The Apogee (Mini) Full Moon of October 31/November 1, 2020

Apogee (almost) full Moon at 23:48 ACDST, October 31. Apogee was at 4:45 am ACDST and the full Moon was at 1:12 am ACSDT on November 1st.
 The just past Perigee Moon at  20:36 ACST on 8 April,  full Moon was at 12:35 ACST and perigee 4:30 am ACST.
Overlay of the images of the perigee and apogee Moon at the same scale
Overlay of the stellarium prediction


This is of course late, because so much has been going on. But here are my images of the October 31 perigee (mini) Moon compared to the April perigee (super) Moon. Because the Moons orbit around the Earth is elliptical, there is a point where it is closest to earth (perigee) and furthest (apogee) at this time At perigee the Moon looks bigger than at apogee, it is true for all Moon phases but we only seem to care about full Moons. On day I will do a First Quarter perigee, apogee comparison.

 

The images above were taken with my Experia mobile phone, No zoom 1/4000th second exposure at ISO 400 and infinity focussing. The camera was held to my 25mm Plossl lens mounted with a Meade mobile phone adapter on my unguided 114 mm Newtonian scope. 

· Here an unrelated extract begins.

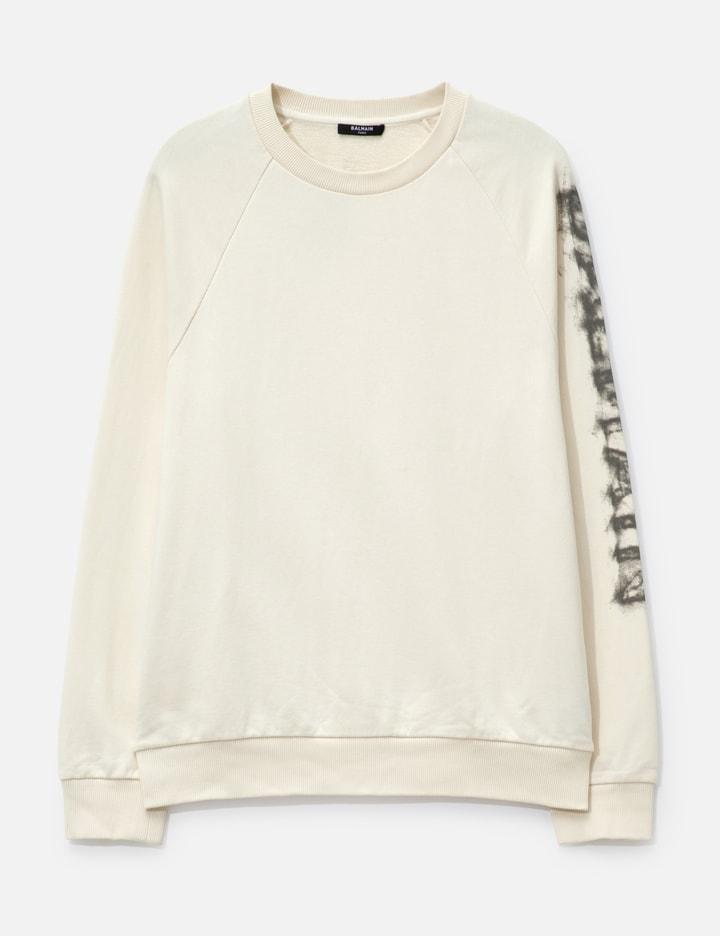 Print On Sleeves Long Top by BALMAIN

I didn't wait for official full moon, as I didn't want to be up past midnight, but caught the Moon around 1 1/2 hours before official full Moon, when the Moon was actually a little bit smaller than at official full Moon.  The moon was beautiful, and turned out to be much smaller than the perigee Moon in April. I wasn't quite expecting that, but it is in line with the actual size as confirmed with the stellarium simulation. Pretty good compared to the 2014 and 2019 apogee/perigee pairs. 

Looking forward to the next set of perigee/apogee Moons.